DATA LISTING:
--------

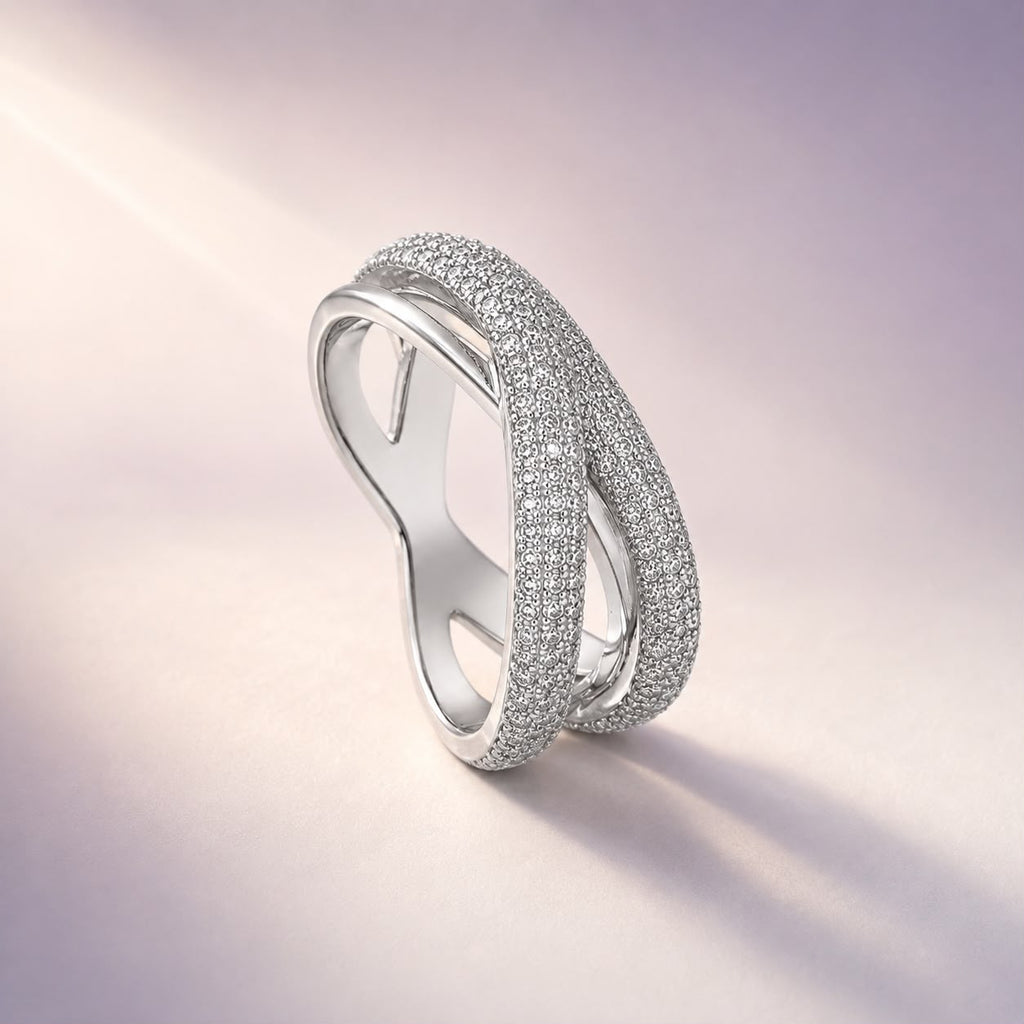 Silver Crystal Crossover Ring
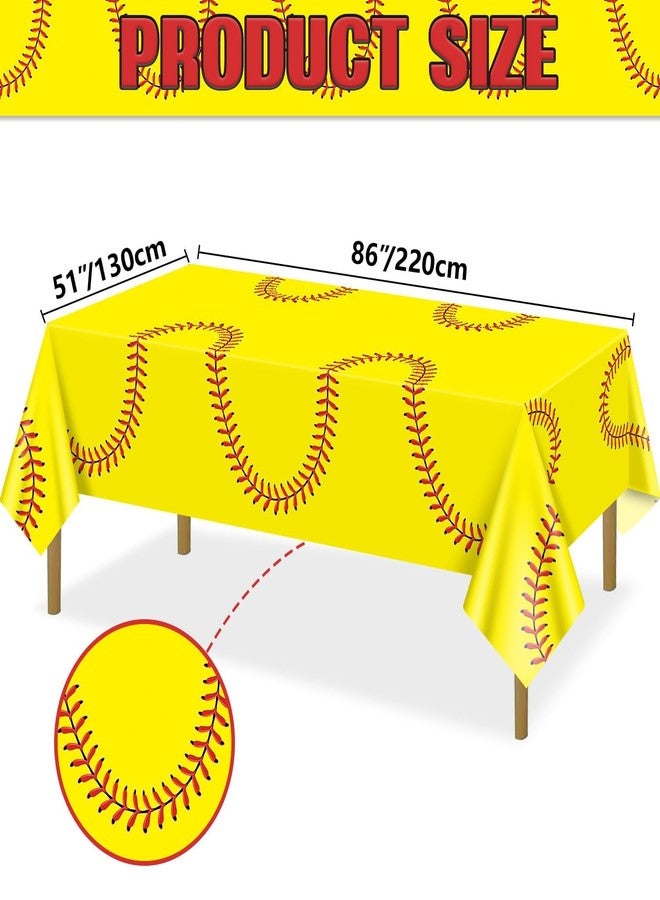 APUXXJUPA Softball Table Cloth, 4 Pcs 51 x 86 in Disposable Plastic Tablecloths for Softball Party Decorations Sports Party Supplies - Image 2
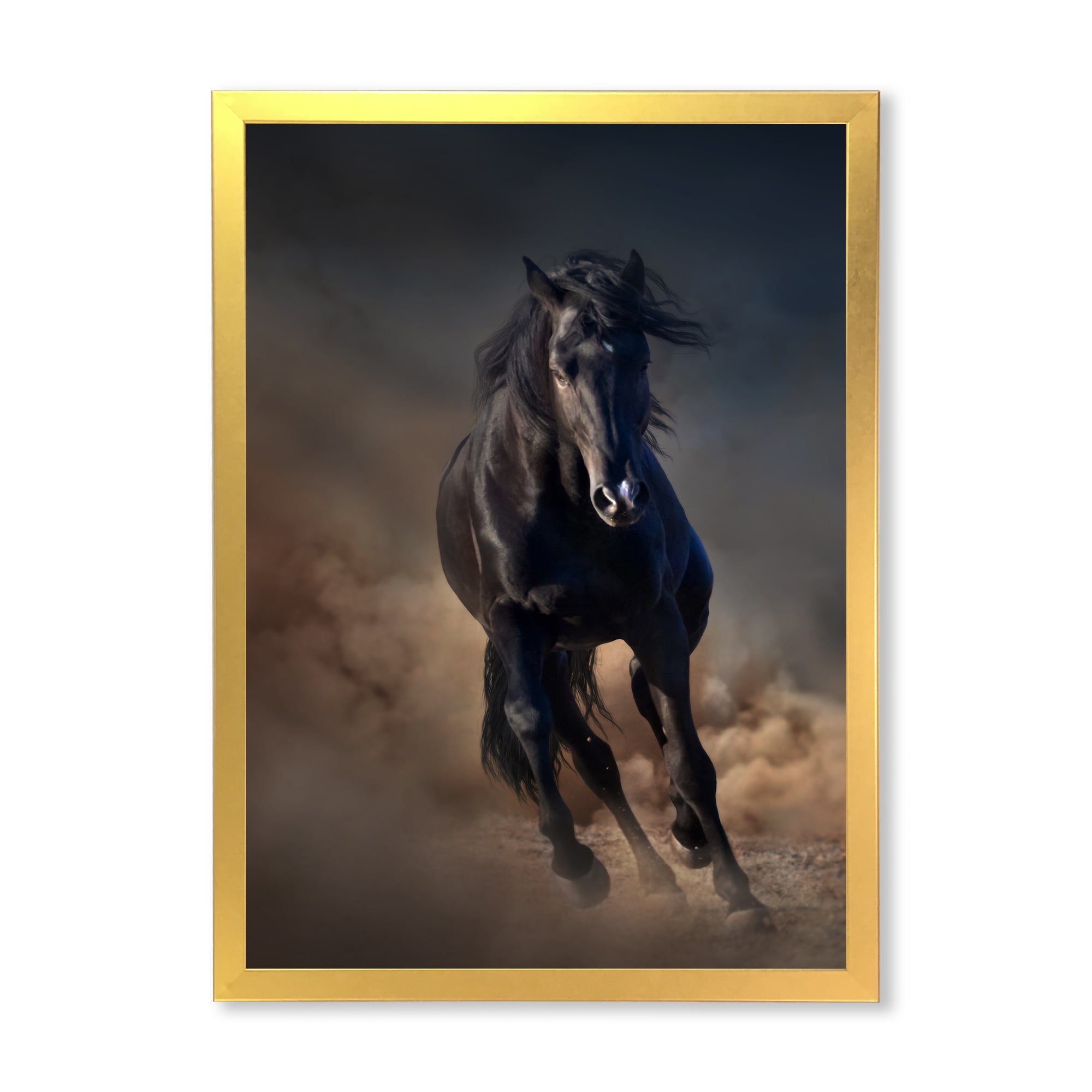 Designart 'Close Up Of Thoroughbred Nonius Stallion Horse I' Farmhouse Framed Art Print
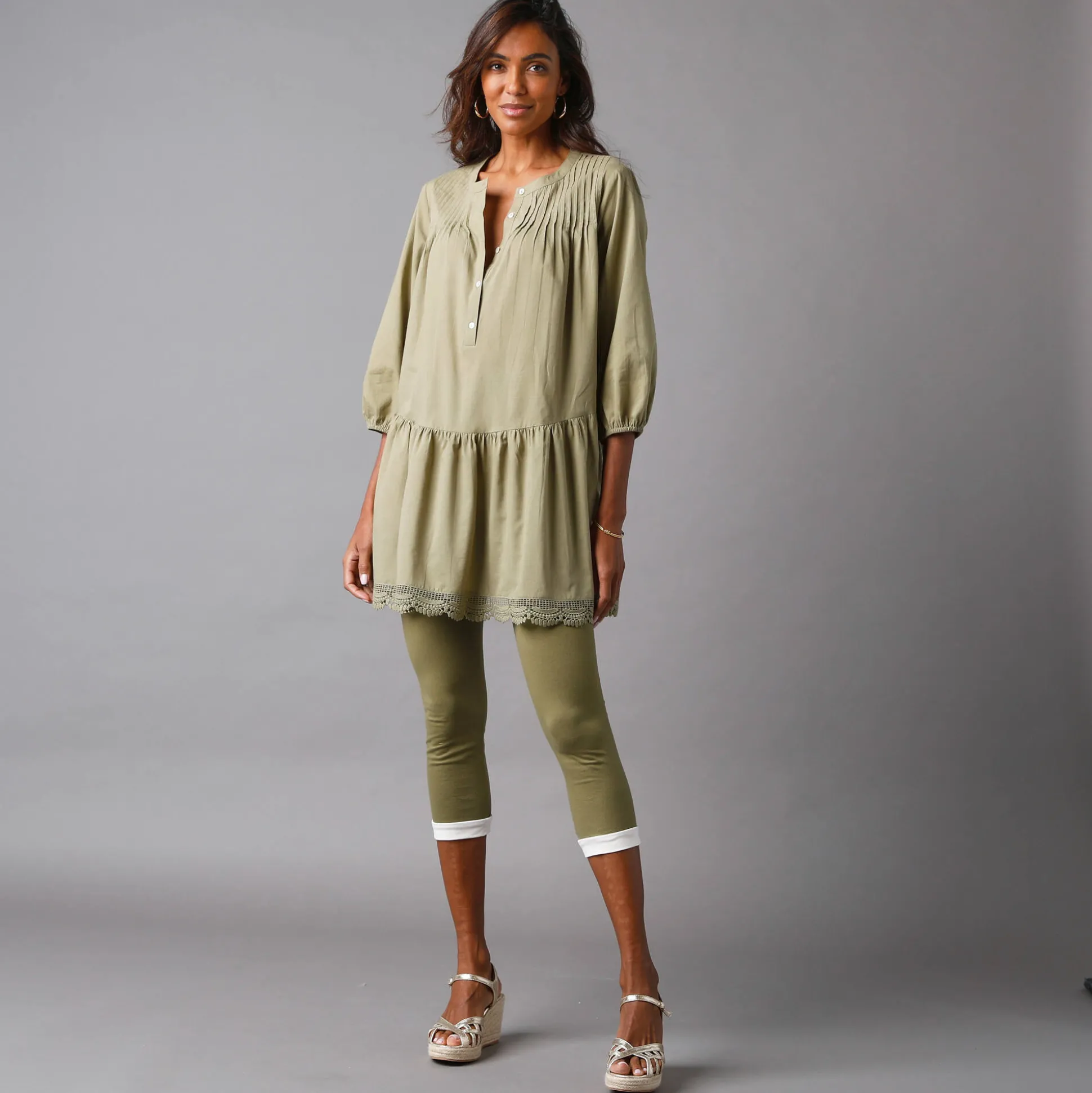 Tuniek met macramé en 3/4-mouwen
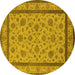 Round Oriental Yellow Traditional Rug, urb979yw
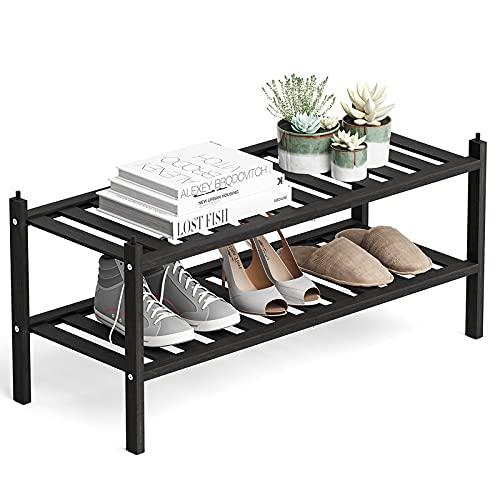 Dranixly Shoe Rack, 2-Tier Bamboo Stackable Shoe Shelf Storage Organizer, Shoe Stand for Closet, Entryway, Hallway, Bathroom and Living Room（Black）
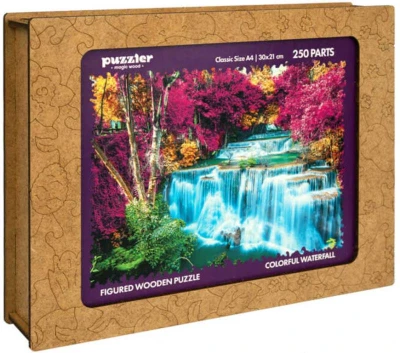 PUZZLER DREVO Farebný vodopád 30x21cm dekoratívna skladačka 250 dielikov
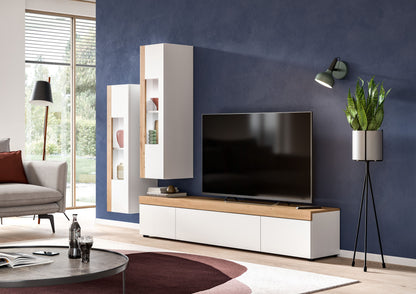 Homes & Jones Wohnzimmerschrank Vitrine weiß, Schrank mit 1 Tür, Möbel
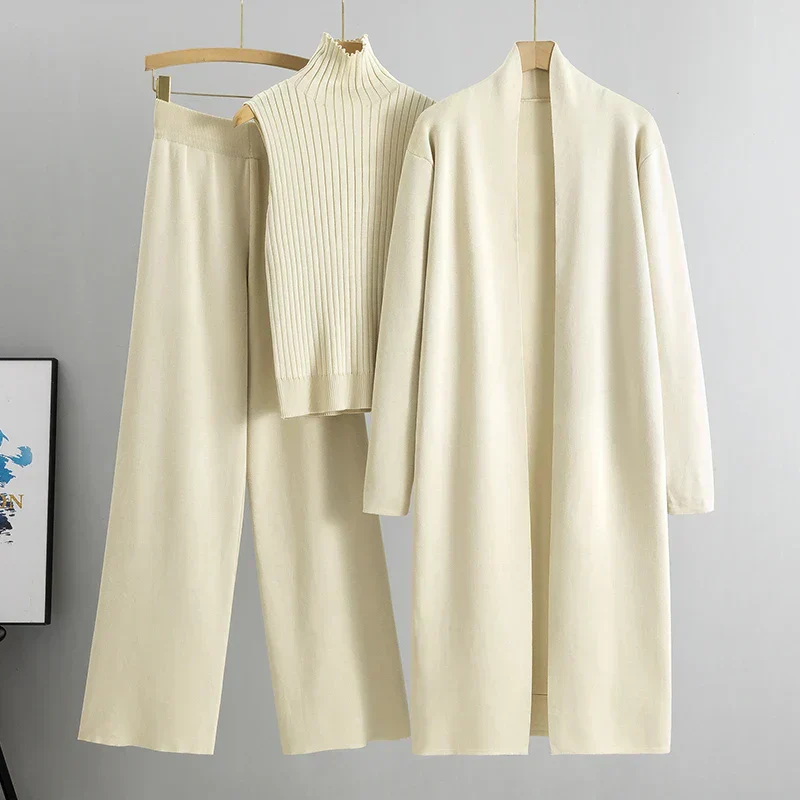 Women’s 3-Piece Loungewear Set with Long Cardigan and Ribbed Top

--------

WHAT IS EXPECTED: Print the listing exactly, but skip its pictures.

RESPONSE TO THIS EXERCISE:
 Silver Crystal Crossover Ring
 APUXXJUPA Softball Table Cloth, 4 Pcs 51 x 86 in Disposable Plastic Tablecloths for Softball Party Decorations Sports Party Supplies - Image 2
 Designart 'Close Up Of Thoroughbred Nonius Stallion Horse I' Farmhouse Framed Art Print
 Tuniek met macramé en 3/4-mouwen
 Round Oriental Yellow Traditional Rug, urb979yw
 Dranixly Shoe Rack, 2-Tier Bamboo Stackable Shoe Shelf Storage Organizer, Shoe Stand for Closet, Entryway, Hallway, Bathroom and Living Room（Black）
 PUZZLER DREVO Farebný vodopád 30x21cm dekoratívna skladačka 250 dielikov
 Homes & Jones Wohnzimmerschrank Vitrine weiß, Schrank mit 1 Tür, Möbel
 Women’s 3-Piece Loungewear Set with Long Cardigan and Ribbed Top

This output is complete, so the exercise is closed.